_Your instructions_: Under this line is some data; print exactly the lines from the one containing "6 & 7 - 76 Centennial" through its last line, without pictures.

_Data_:
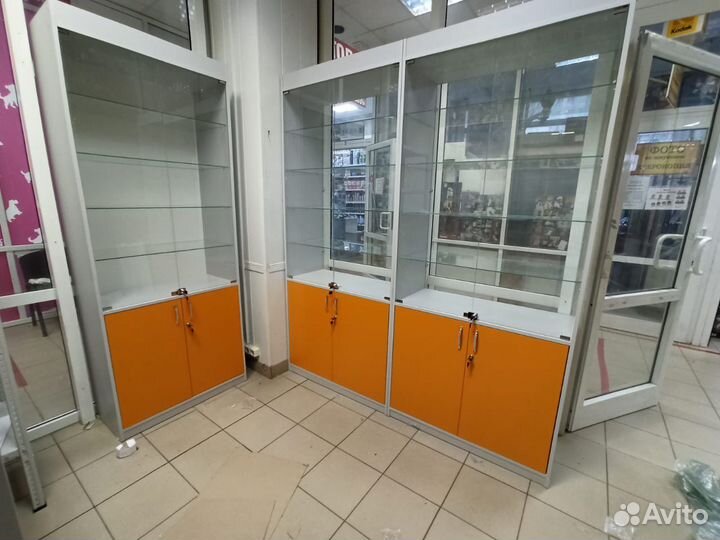 Витрины из лдсп новые
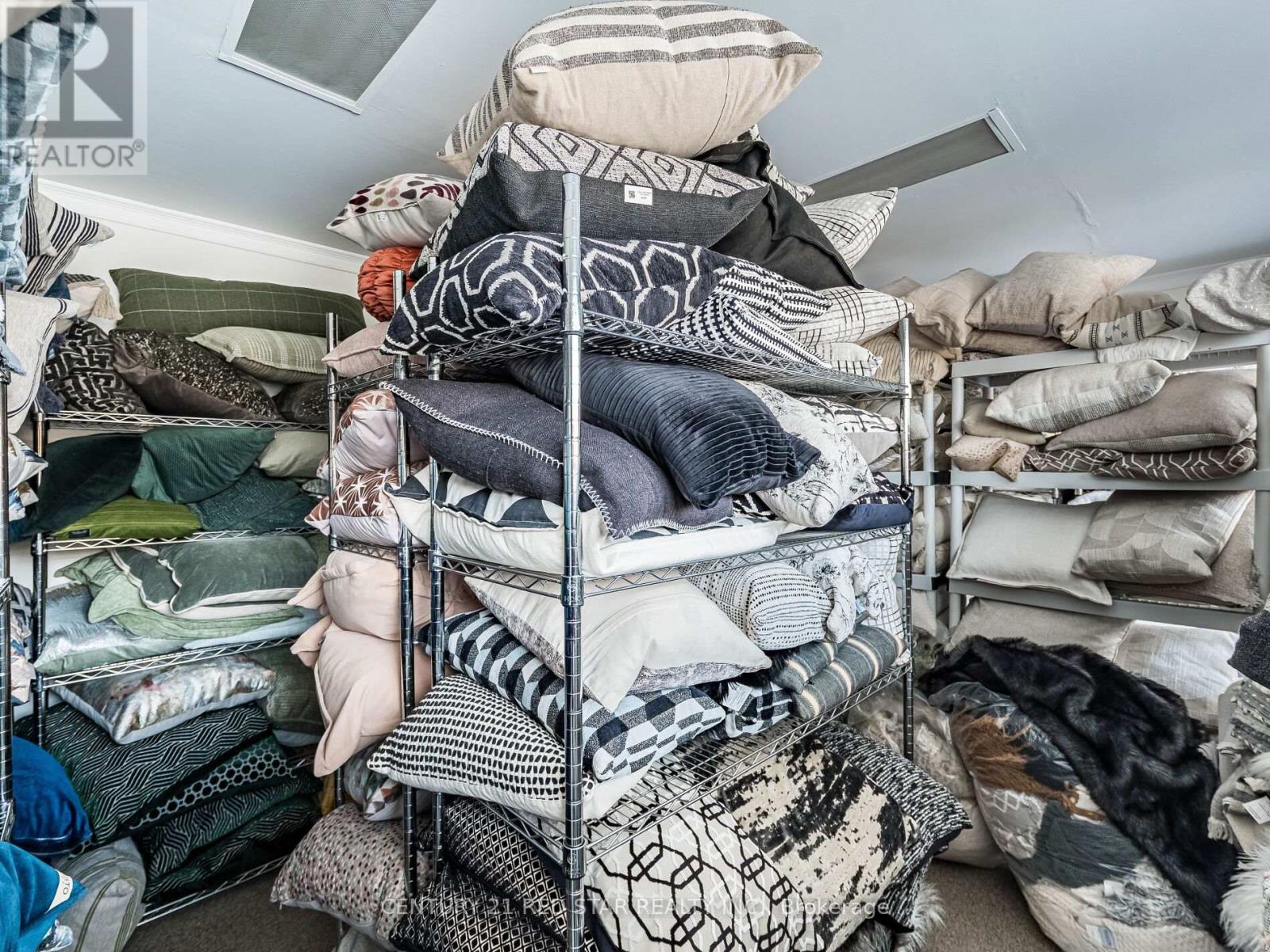 6 & 7 - 76 Centennial Road, Orangeville, Ontario  L9W 1P9 - Photo 12 - W12863568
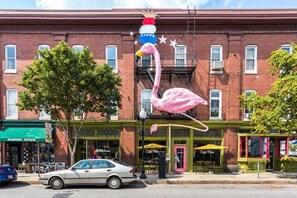 Point of interest - Artistic Abode Close to MICA & Johns Hopkins (Baltimore)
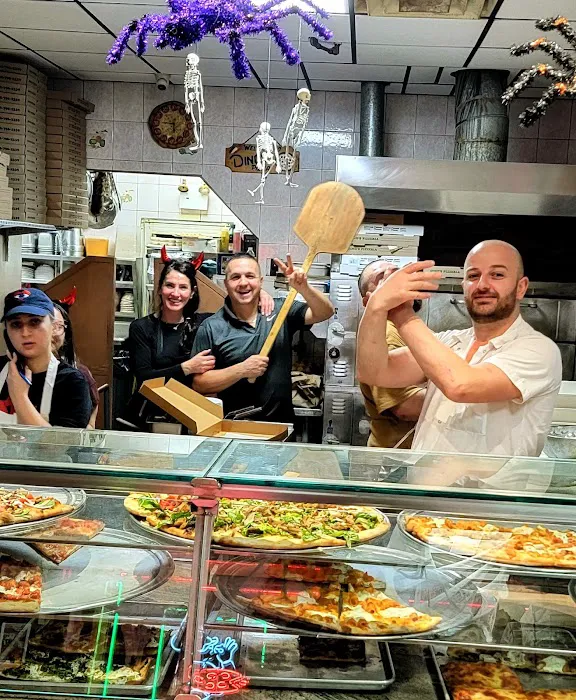 Dino's Pizzeria Picture 6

_Solution_:
 6 & 7 - 76 Centennial Road, Orangeville, Ontario  L9W 1P9 - Photo 12 - W12863568
 Point of interest - Artistic Abode Close to MICA & Johns Hopkins (Baltimore)
 Dino's Pizzeria Picture 6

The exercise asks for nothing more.